Arguments of the Parties:

The arguments of the parties in relation to the first question are not detailed in the judgment.

The arguments of the parties in relation to the second question turned on the appropriate interpretation to be given to the meaning of ‘approved by Member States in accordance with their respective constitutional requirements’ contained in Article 48(6) TEU and in particular whether this implied that Member States retained a discretion to refuse to approve a European Council Decision validly adopted under Article 48(6) TEU.

Mr Doherty argued that the Decision was to be treated as a normal international agreement under Article 29 of the Irish Constitution. Accordingly it was entirely within the Government’s executive power to ratify or not ratify the agreement.
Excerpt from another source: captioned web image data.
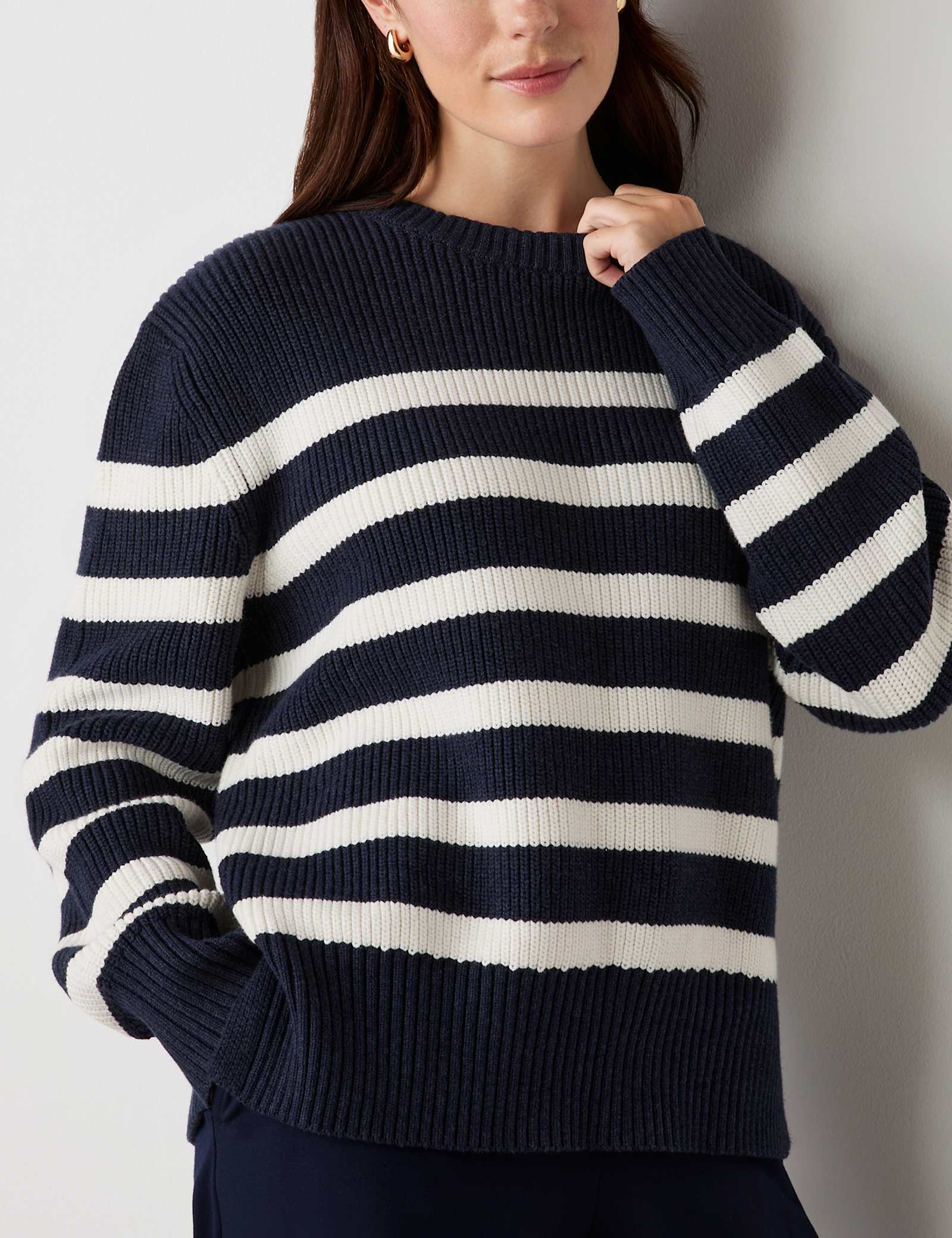 Cotton Rich Striped Ribbed Crew Neck Jumper - image 4
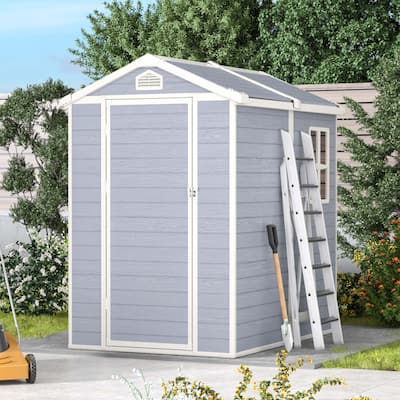 oneinmil 4'x6' Resin Outdoor Storage Shed with Lockable Door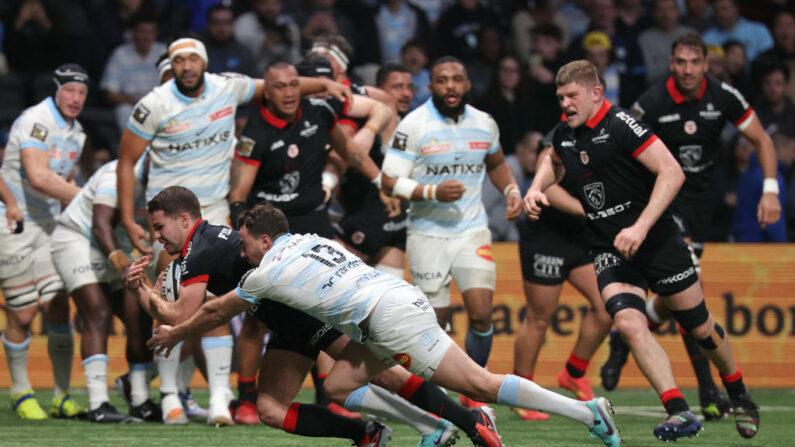 Toulouse, a réalisé la bonne affaire de la 13e journée du Top 14 en dominant le Racing 92 (27-20) sur sa pelouse, dimanche.(Photo : THOMAS SAMSON/AFP via Getty Images)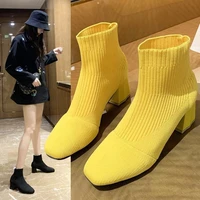 ankle sock stretch boots designer thick soled thick soled snow boots 2022 new winter warm fashion mid heel knitted chelsea women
The Attorney General argued that Ireland no longer had any discretion to approve the Decision. This was based on a joint reading of Article 228(4) TFEU stating that decisions are binding and Article 4(3) TEU establishing a duty of sincere cooperation. In fact she maintained that the references to the constitutional requirements of the Member States was a pure formality. She argued that the Decision was already ‘approved’ by Ireland within the meaning of Article 48(6) TEU and that the Bill then before the Parliament was simply necessary to introduce the decision into Irish law.

The Commission adopted a slightly different position. It argued, similarly to the Attorney General, that Ireland no longer retained any discretion in approving the decision. Nonetheless it maintained that the constitution required approval through an Act of Parliament in line with Article 29.4 of the Irish Constitution on the exercise of executive powers in foreign affairs.
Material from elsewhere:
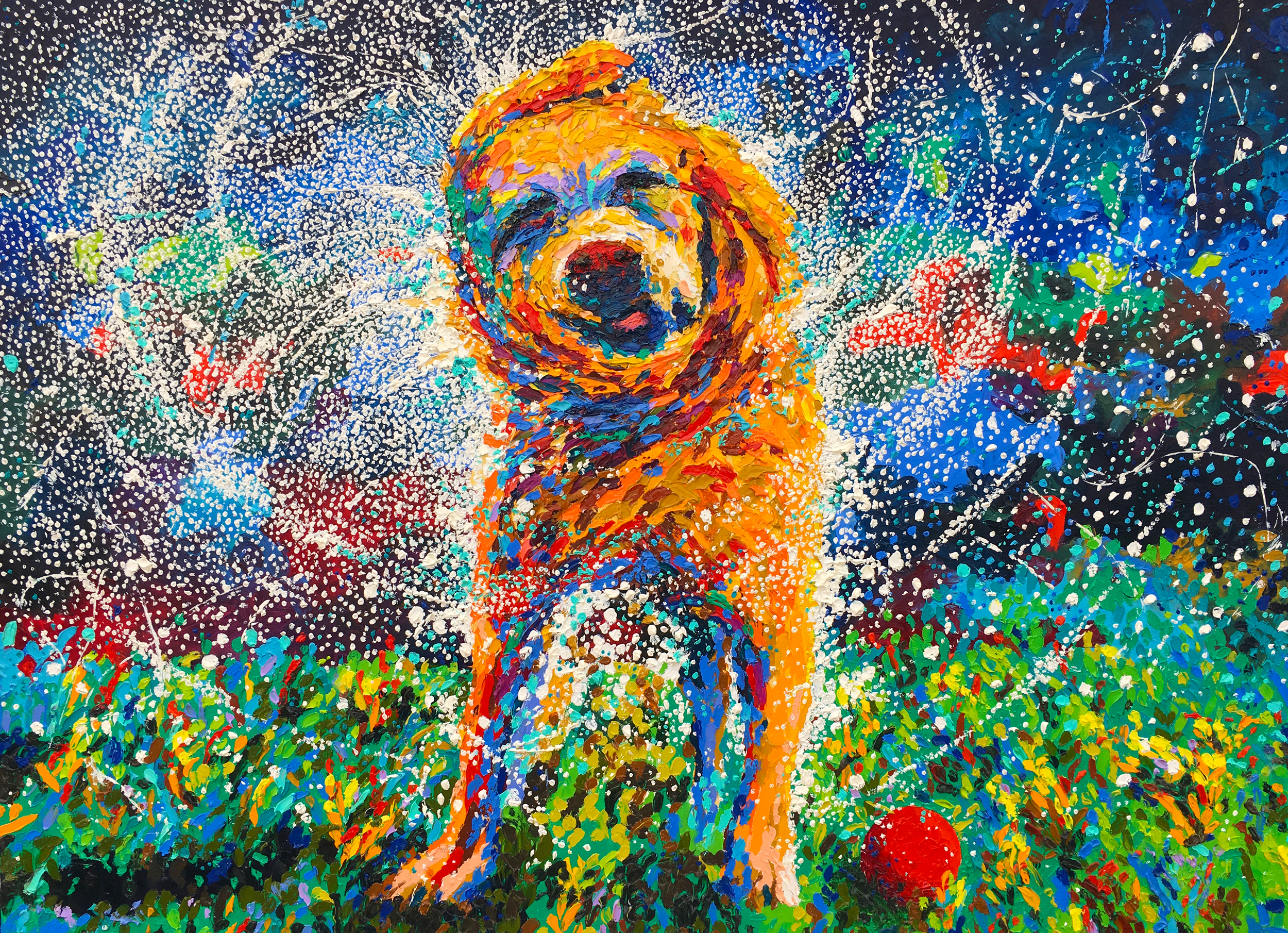 Dog Shake! | Oil on canvas | 48" x 36" (SOLD)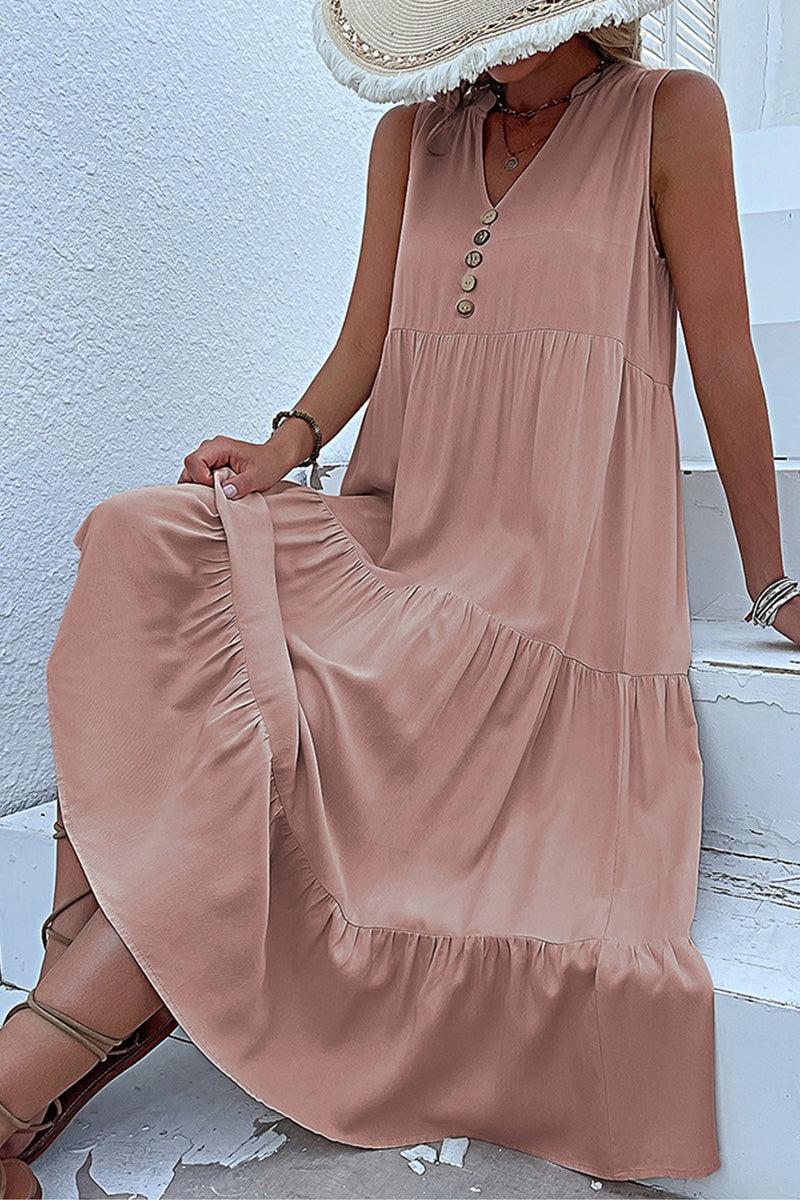 Bohemian Tiered Midi Dress with V-Neck Button Detail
Conclusion and Reasoning of Court:

In relation to the first question, that is whether the Commission in making the statements on the ESM and the Decision acted ultra vires, the Court found that it had in fact acted within its remit as defined by s. 3 of the Referendum Commission Act 1998 as amended by the s. 1 of the Referendum Commission Act 2001 given that ‘the ESM and the TSCG are inextricably interlinked’ and that ‘certainly, one could not realistically seek to explain the likely impact of the TSCG without reference to the question of the ESM.’[7] In fact, this point was so obvious that the Court refused to admit this claim beyond the initial application.

The second question, and in particular the assessment of the correctness or otherwise of the Commission’s statement was more complex. The Court did not decide on the substantive question of whether Ireland retained a discretion under Article 48(6) TEU to approve the Decision. Rather it came to the opinion that all three positions of the parties were valid and worthy interpretations. Any definitive judgment would require a reference to the Court of Justice under Article 267 TFEU. Given the complexity and novelty of the legal question the opinion as stated by the Commission was not “plainly wrong”.

Legal Effects of the Judgment:

The claim was dismissed.

Main Outcome and Broader Implications:

The claim was dismissed. There was no conclusive statement by the Court on the substantive claim that Ireland retained a veto on the Decision and indirectly on the establishment of the ESM (see above). The claim was still made in the context of the parliamentary debate on the Act approving the Decision.

On other issues it would appear that the Commission has juridical capacity and can sue and be sued before the Courts. Furthermore, its statements are in fact subject to review. Nonetheless, it would appear that a strict test will not be applied to the Commission’s statements. A potential complainant will have to prove that such statements are ‘plainly wrong’ in order successfully challenge a statement.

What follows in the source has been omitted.